Si l’Afrique compte nombre de pays ayant une croissance à deux chiffres, si l’Afrique est un continent riche en ressources naturelles et en promesse de développement, si la jeunesse africaine représente un potentiel immense d’énergie et d’initiative, n’oublions pas que l’Afrique connait aussi 28 conflits violents dont 11 guerres dans des pays pauvres (chiffres du HIIK). Mali, Burkina Faso, Niger, Tchad, RCA, RDC, Somalie, Soudan du Sud, nord du Nigéria… La liste est longue sans parler des destructions liées à des catastrophes (ouragan, sécheresse, inondation), comme il y a peu au Mozambique. Pour ces populations en danger, le Forum pourrait représenter un événement démultiplicateur de solidarité.

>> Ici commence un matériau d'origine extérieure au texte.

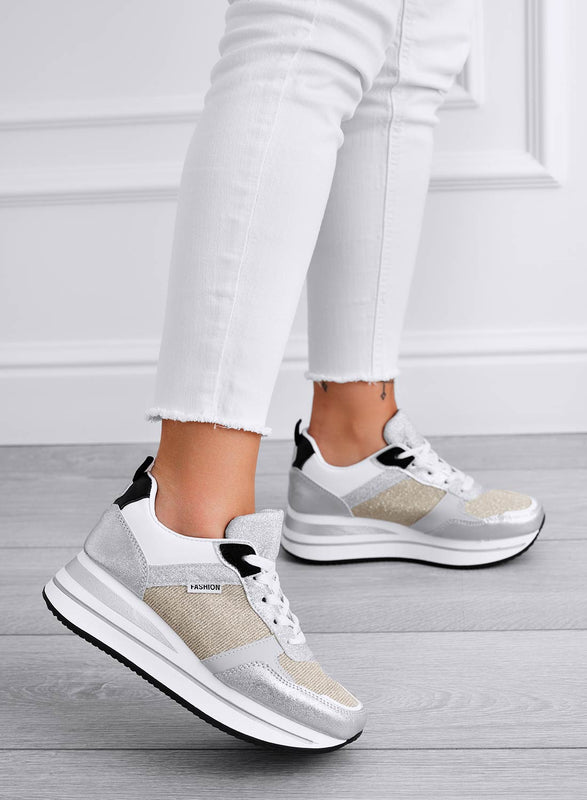 VITAL - Sneakers argento laminato con inserti oro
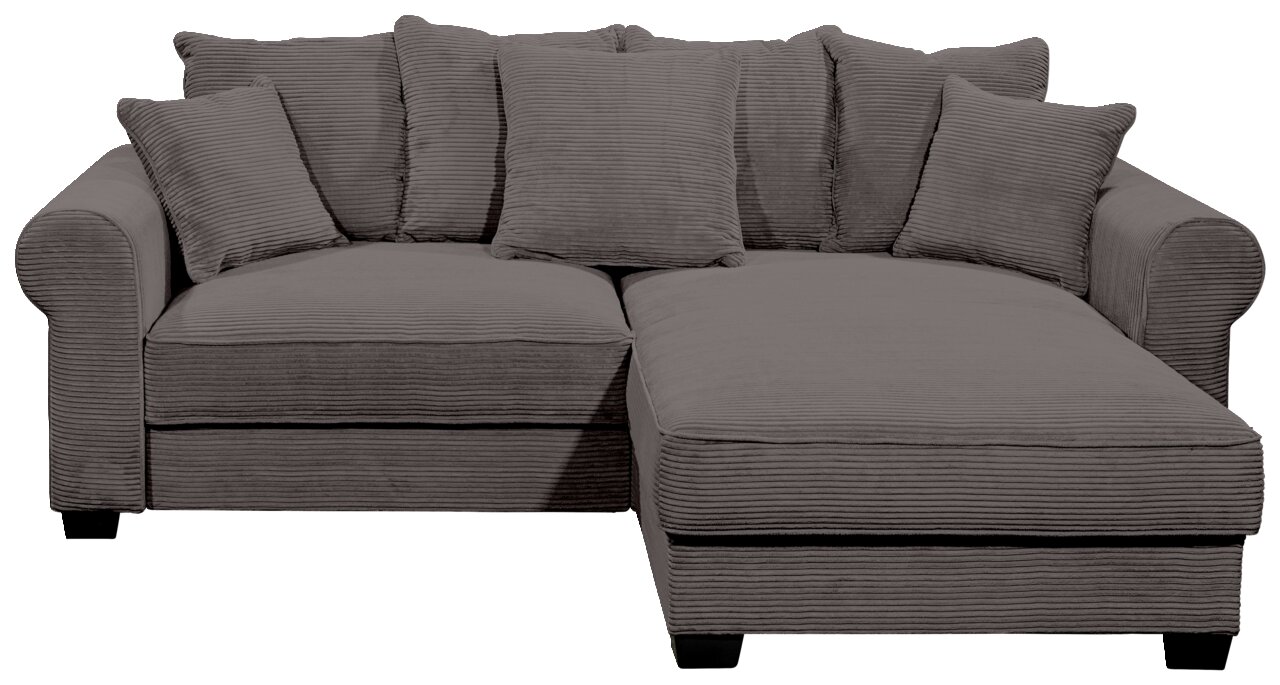 Graues Ecksofa mit mehreren Kissen, Vorderansicht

Un Forum qui réponde concrètement aux besoins des populations.

Mais ces pays étaient peu représentés à Dakar et ces urgences humanitaires s’expriment donc peu dans la salle. Il y a là je crois un enjeu majeur pour le Forum. Si le FME ne concentre pas une partie significative de son programme aux besoins de ces populations, il nous sera difficile de mobiliser les acteurs humanitaires pour préparer et participer à ce Forum. Il vaut mieux le dire maintenant, d’autant que trop peu d’ONG humanitaires et de développement participent habituellement au Forum Mondial de l’Eau. Mais, rappelons-le à tous, nous ne serons ni en Corée ni au Brésil, ni même en Turquie, mais au cœur de l’Afrique qui a soif !

Il se trouve que le thème de ce Forum est « La sécurité de l’eau pour la paix et pour le développement », et nous espérons que celui-ci inclura effectivement l’humanitaire dans son programme. Pendant trop longtemps, et encore aujourd’hui, une frontière mentale s’est opérée dans les esprits entre pays en paix et en développement et la terra incognita des pays en guerre oubliés. Ces pays ont, plus que les autres, besoin d’eau et d’assainissement, de paix et de développement et de l’articulation entre l’urgence et les sorties de crise avec la reconstruction, la stabilisation et la reprise du développement. Ne pas s’en occuper, outre une sorte de non-assistance à personne en danger, c’est prendre le risque de voir ces crises s’étendre géographiquement et s’intensifier.

Membres des organisations participants à la délégation du Partenariat Français pour l’Eau (PFE).

Le Forum de la sécurité de l’eau pour la paix et le développement doit largement inclure les pays, les acteurs, les populations des pays en crise et permettre leur participation active pour apporter des réponses concrètes à leurs besoins. Car ce Forum se veut celui des réponses à des besoins et ceux dont nous parlons ici sont les plus urgents.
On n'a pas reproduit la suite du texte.